1- I can buy new pciex sound card like ASUS Xonar AE PCI Express 7.1
2- I can buy usb sound card like Topping D10 or ASUS XONAR U7 MKII

I wonder if there will be a rise and improvement in voice.
 
Jan 2, 2021 at 7:44 AM Post #2 of 4
There is a topic about the alc942 here:
https://www.head-fi.org/threads/is-realtek-alc892-onboard-dac-or-fiio-olympus-e10k-better.818524/

I would not buy an expensive soundcard for such low price speakers.

What is the issue with voice exactly? Muffles voice is usually caused by bass heavy speakers. So try lowering the bass a bit. Or increase treble.

How is the noise floor of the alc892 in your situation? If you hear buzz or other noise then i would recommend a cheap dac like fiio taishan d03k and connect it with an optical cable.

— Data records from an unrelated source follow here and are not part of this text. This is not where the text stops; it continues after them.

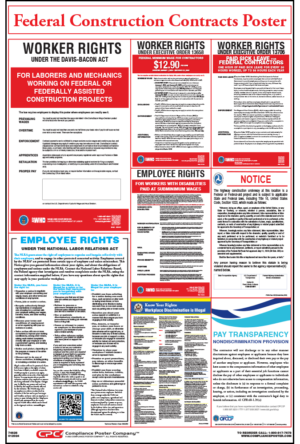 Federal Construction Contracts Poster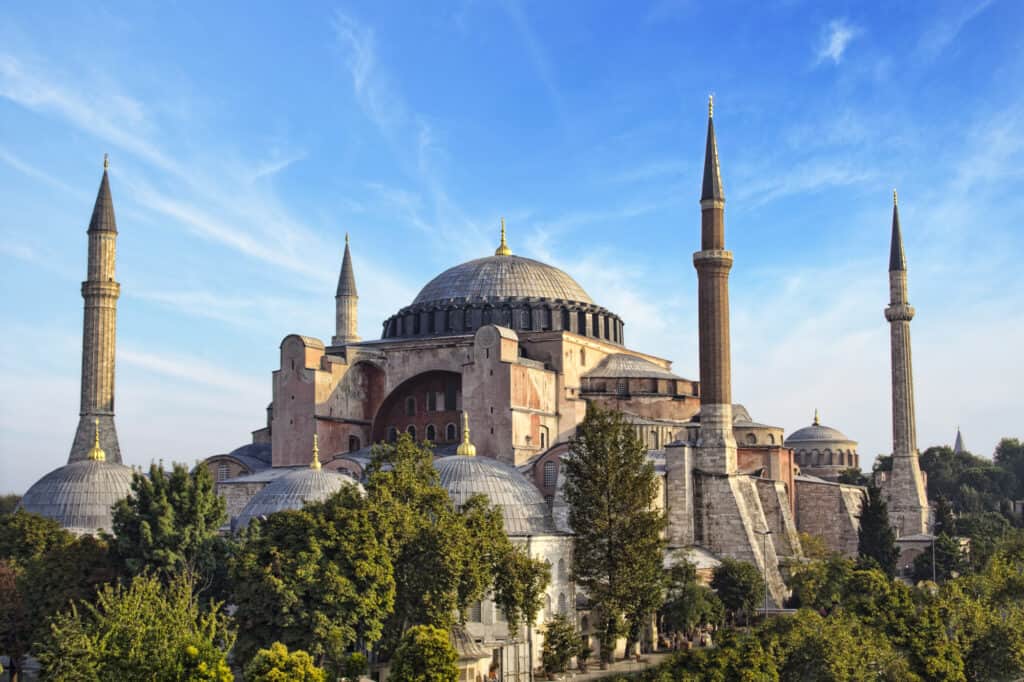 hagia sophia moskeen i istanbul i tyrkiet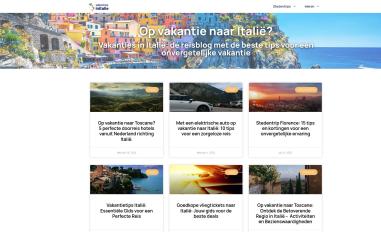 Schermafbeelding van vakantiesinitalie.nl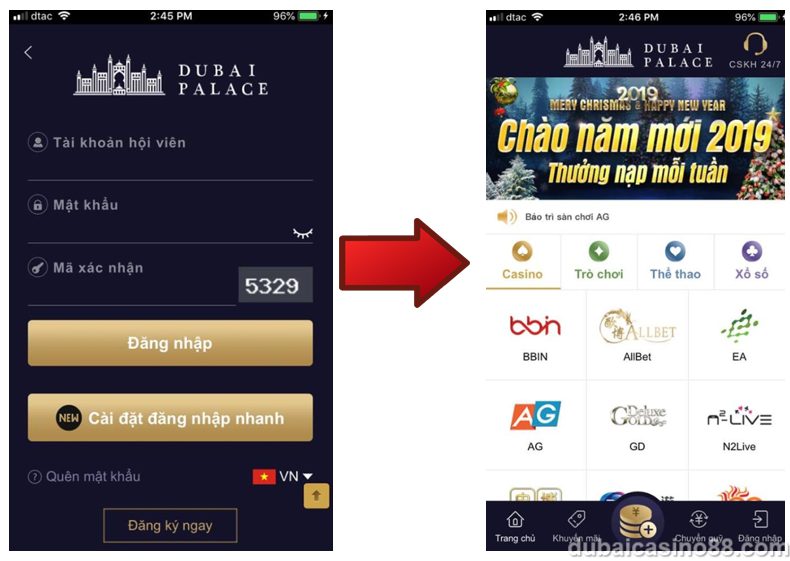 Hướng dẫn cách tải app Dubai Palace cho di động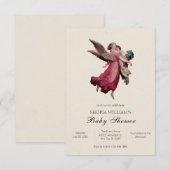 Classic Renaissance Angel baby shower Kaart (Voorkant / Achterkant)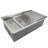 Nantucket Sinks Island 20'' W Single Bowl Stainless Steel Undermount Kitchen Sink 0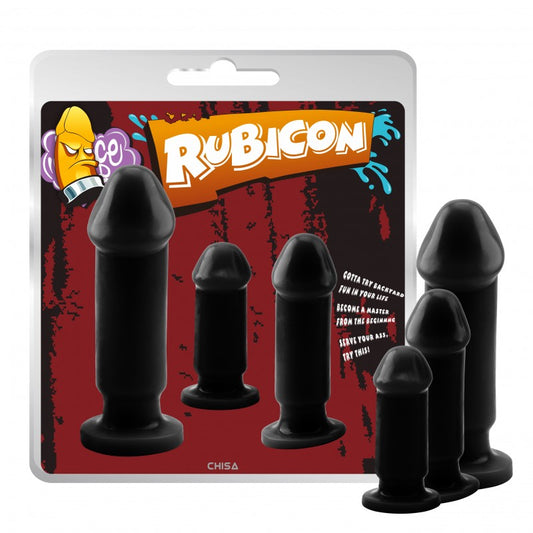 Evil Dark Kit 3-Piece Black Butt Plugs Evil Dark Kit 3-Piece Black Butt Plugs - UABDSM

Just some general advice to improve soundquality:
Make sure the output sample rate of your soundcard is the same as you audio files. So usually 44.1khz.
Or use a high quality software resampler.
 
Jan 3, 2021 at 7:58 PM Post #3 of 4
Jan 13, 2021 at 3:52 PM Post #4 of 4
DAC gets my vote as well. If you want to stick with Creative they have several DAC's The SB1240 is the one that sounds best... if you can find one. It's like ten years old but believe it if you will, it sounds better than most sub-$300 DAC's provided you use proper third-party DSP, since the 1240 only has basic EQ in its drivers. I bought one when they were new and still keep it as a backup. Yep, it's from Creative, who would've guessed. It's all about the chip, I don't recall its name but reviewers would often comment stuff like "what is THAT chip doing in a Creative product" seemingly forgetting that company's decades of experience working with computer sound. It's not because someone makes consumer-grade products that it can't design devices beyond entry-level.